Since the records include pictures, leave those out while you reproduce exactly and only the lines from the one containing "Latvia Car Seat" through the one containing "University of Miami", inclusive.

### TASK MATERIAL
"""
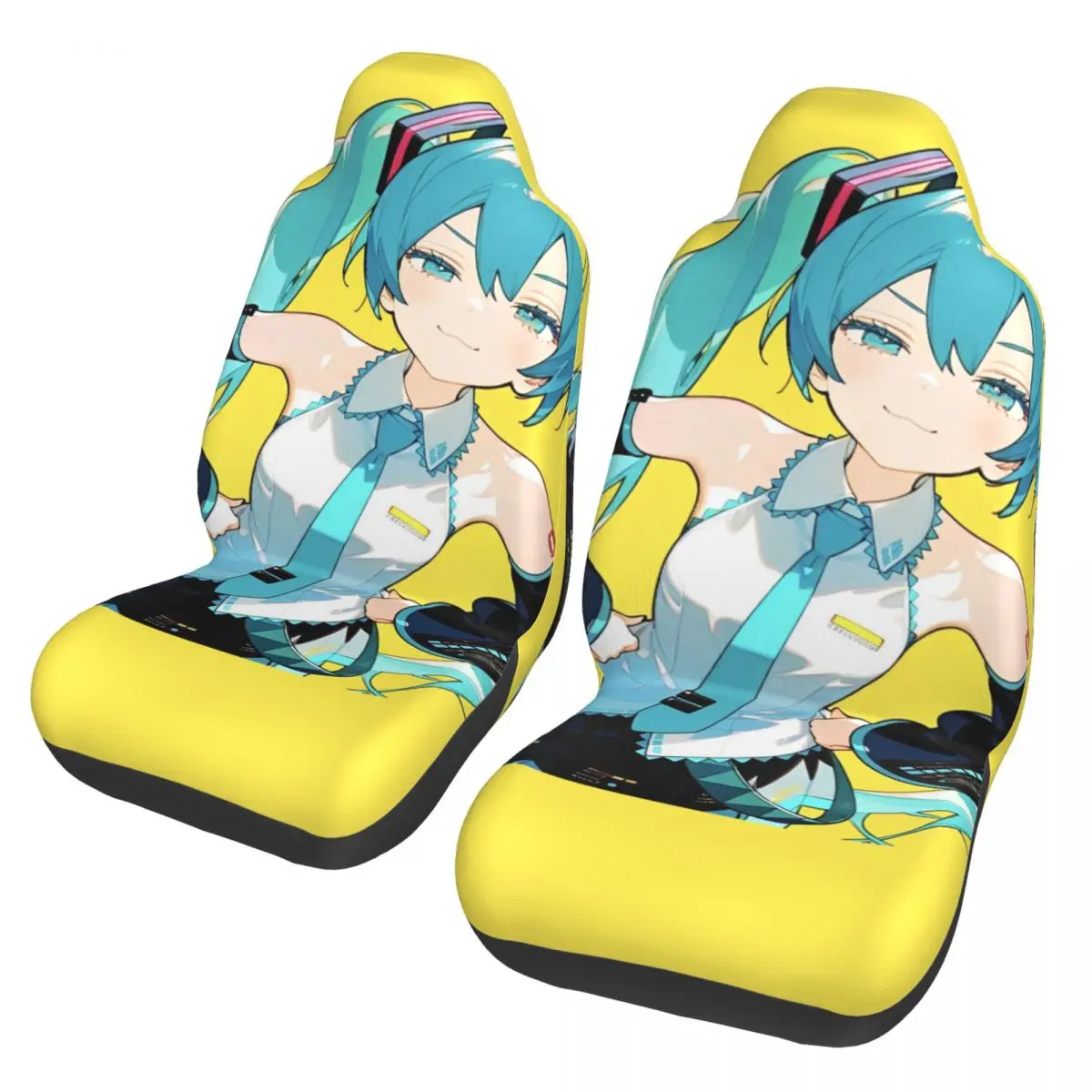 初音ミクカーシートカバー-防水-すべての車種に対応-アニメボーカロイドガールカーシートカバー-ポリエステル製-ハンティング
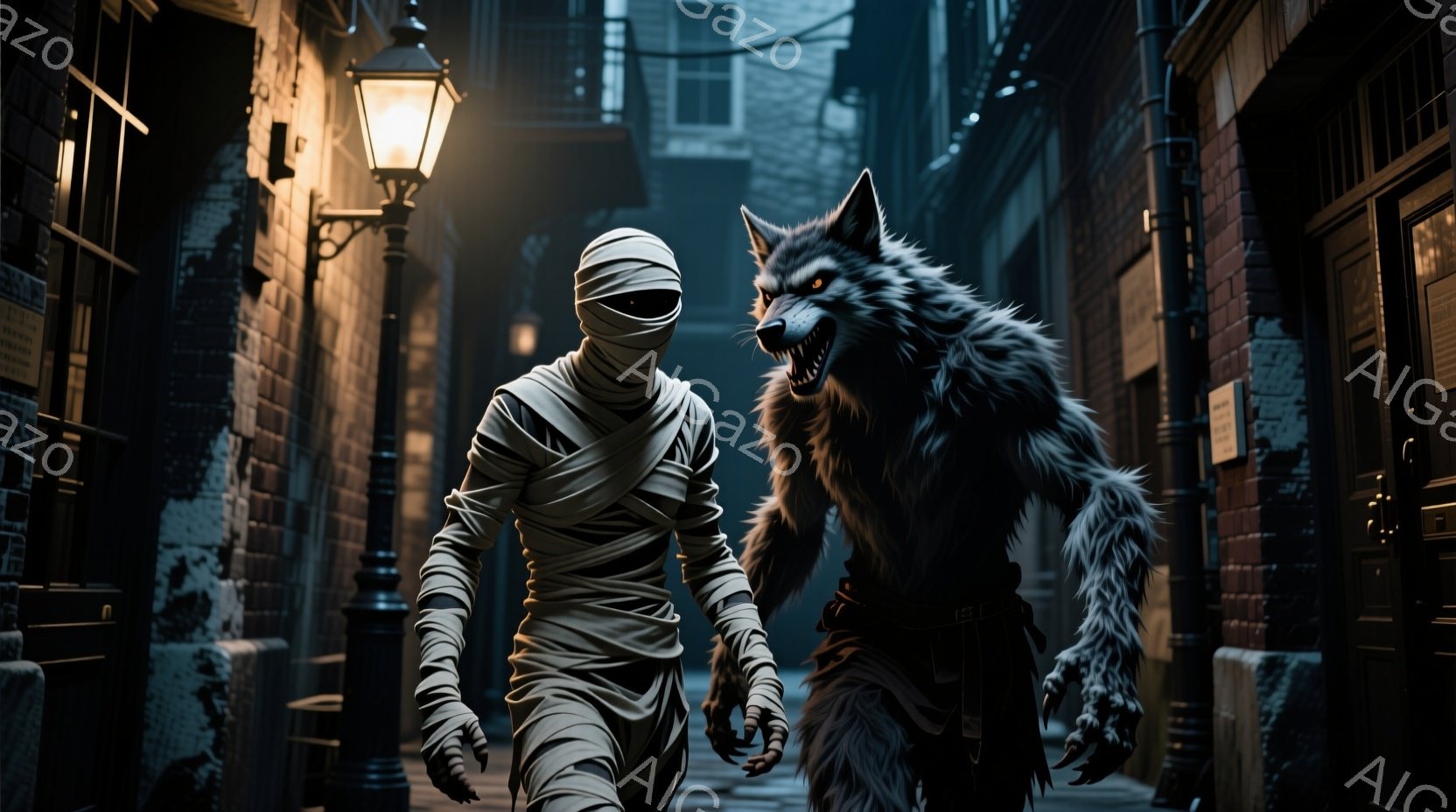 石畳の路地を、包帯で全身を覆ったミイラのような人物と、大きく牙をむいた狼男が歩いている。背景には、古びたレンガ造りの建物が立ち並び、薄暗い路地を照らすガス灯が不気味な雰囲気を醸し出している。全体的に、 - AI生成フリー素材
"""
"""
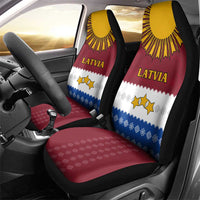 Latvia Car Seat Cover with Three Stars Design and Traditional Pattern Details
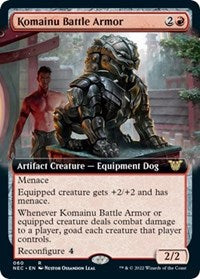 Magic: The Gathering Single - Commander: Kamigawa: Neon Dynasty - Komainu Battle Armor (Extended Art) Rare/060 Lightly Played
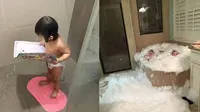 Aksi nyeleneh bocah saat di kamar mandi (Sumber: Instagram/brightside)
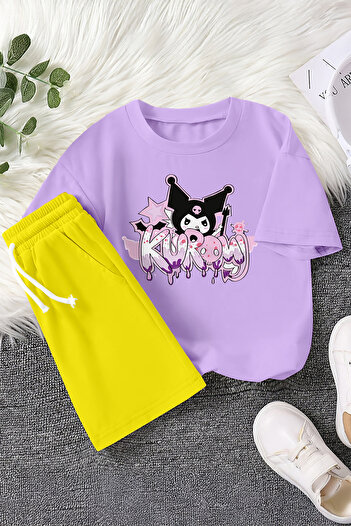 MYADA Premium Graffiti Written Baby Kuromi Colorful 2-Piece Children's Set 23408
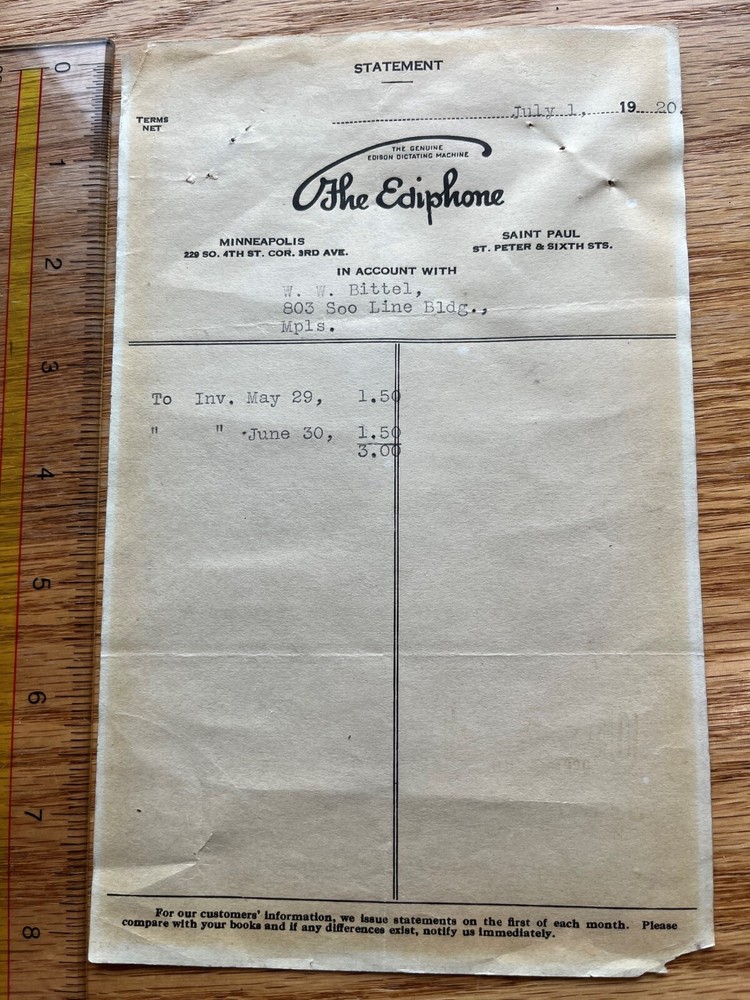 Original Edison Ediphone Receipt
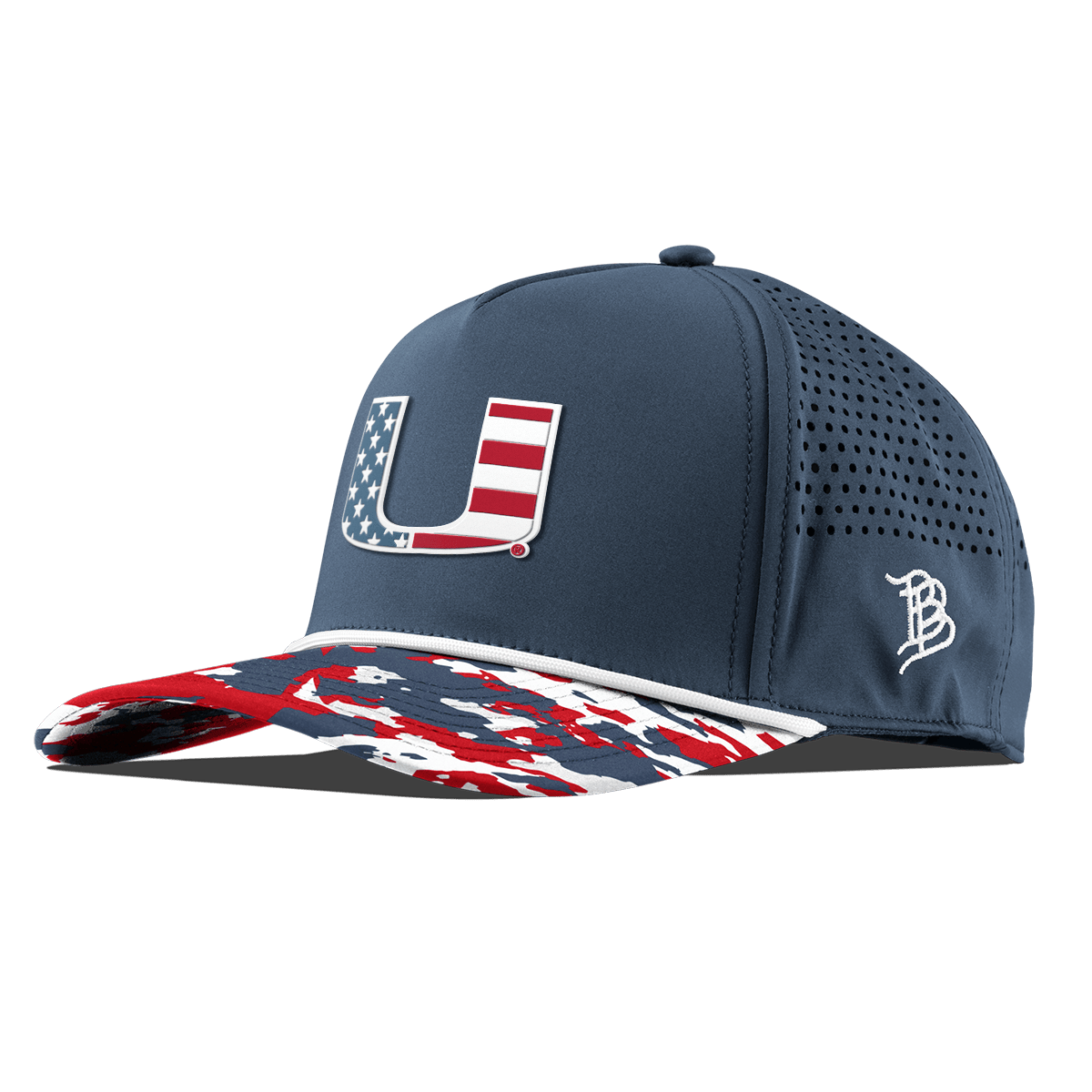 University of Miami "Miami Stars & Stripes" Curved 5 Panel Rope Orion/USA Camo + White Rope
"""
"""
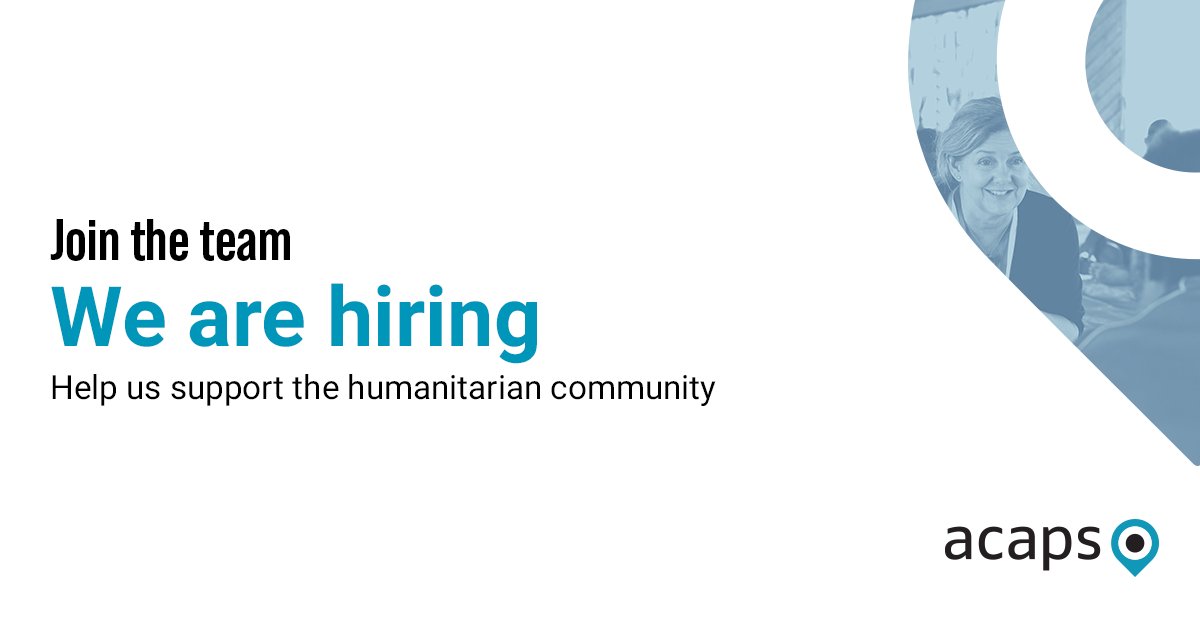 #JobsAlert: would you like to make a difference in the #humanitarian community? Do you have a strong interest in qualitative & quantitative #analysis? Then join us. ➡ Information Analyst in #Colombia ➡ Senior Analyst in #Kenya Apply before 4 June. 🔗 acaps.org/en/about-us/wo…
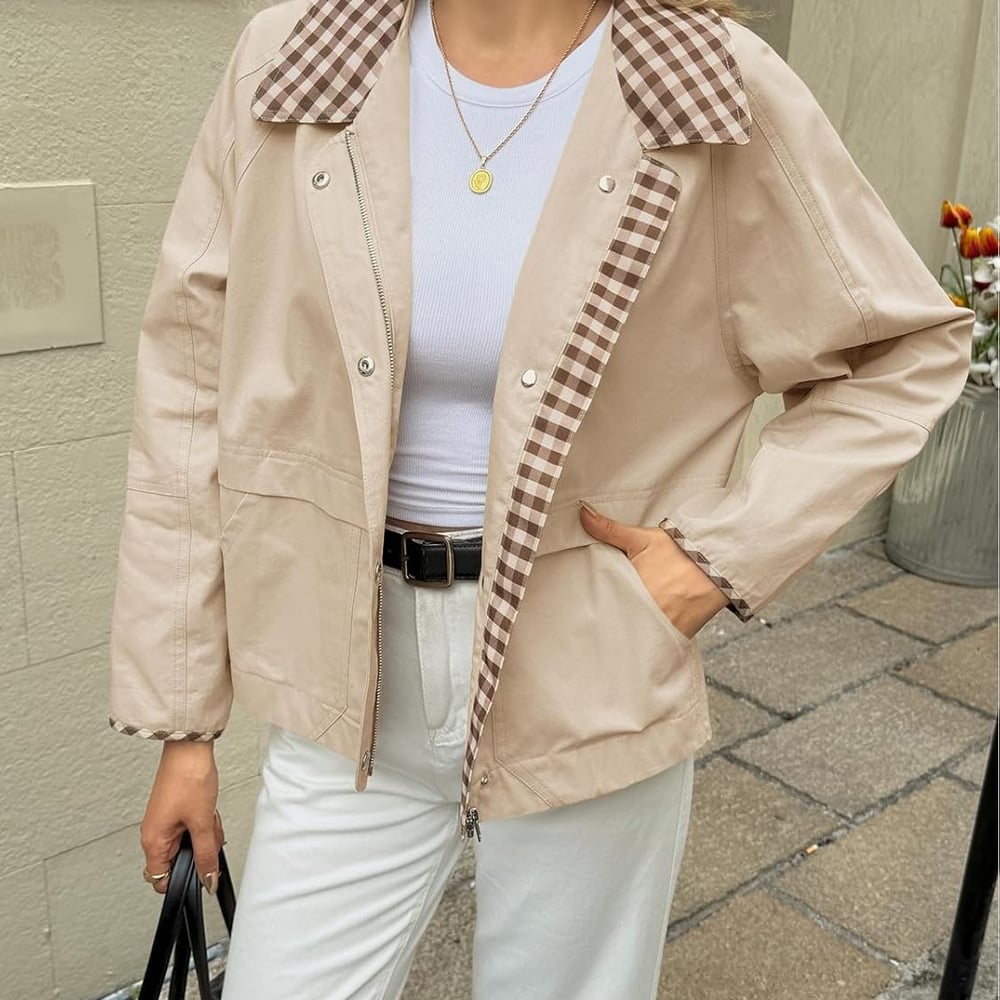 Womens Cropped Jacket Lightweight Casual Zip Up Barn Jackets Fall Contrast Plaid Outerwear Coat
"""
### RESULT FOR THIS EXERCISE
 Latvia Car Seat Cover with Three Stars Design and Traditional Pattern Details
 Magic: The Gathering Single - Commander: Kamigawa: Neon Dynasty - Komainu Battle Armor (Extended Art) Rare/060 Lightly Played
 Aksi nyeleneh bocah saat di kamar mandi (Sumber: Instagram/brightside)
 MYADA Premium Graffiti Written Baby Kuromi Colorful 2-Piece Children's Set 23408
 Original Edison Ediphone Receipt
 University of Miami "Miami Stars & Stripes" Curved 5 Panel Rope Orion/USA Camo + White Rope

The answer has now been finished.